Not only euro countries can't do that. Many countries with separate currencies
have independent bodies dedicated to keeping currency stable. You can't order
those bodies to devalue the currency because two main things your economy was
doing that were worthwhile became obsolete. They ought to keep inflation
target regardless of governments and economy. It's often written into the
constitution.

The only country I know that can have their currency devalued according to
what economy is perceived to need is USA.

------
mcv
The article is correct. A monetary union without a fiscal union doesn't seem
to work very well.
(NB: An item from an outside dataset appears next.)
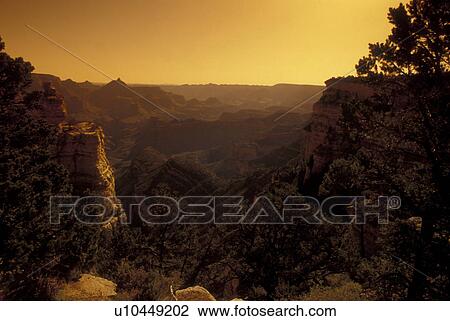 Stock Image -  Grand Canyon National Park, AZ, Arizona, South Rim. Fotosearch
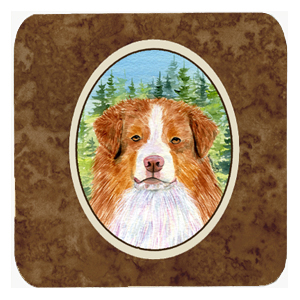 SS8317FC Australian Shepherd Foam Coasters - Set Of 4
I should add that the Dutch situation isn't helped by 15
years of mostly right-wing governments that were already in love with
austerity, but that only underscores that austerity is pretty harmful to your
economy.

The euro could work fine, just not with the current rules. There needs to be
some mechanism that compensates for the inequality between the different
countries, just like how poorer regions within a sovereign country tend to get
extra aid.

------
josu
>Now, the normal way to make up for this would be to cut costs by devaluing
your currency, except that Finland doesn't have a currency to devalue anymore.

Keep in mind that this is a zero sum game, in order to devalue your currency
the rest have to appreciate. So we have no idea what would have happened if
every country in Europe still had its own currency and tried to outdevalue
each other. It could even have the potential to start an international race to
the bottom.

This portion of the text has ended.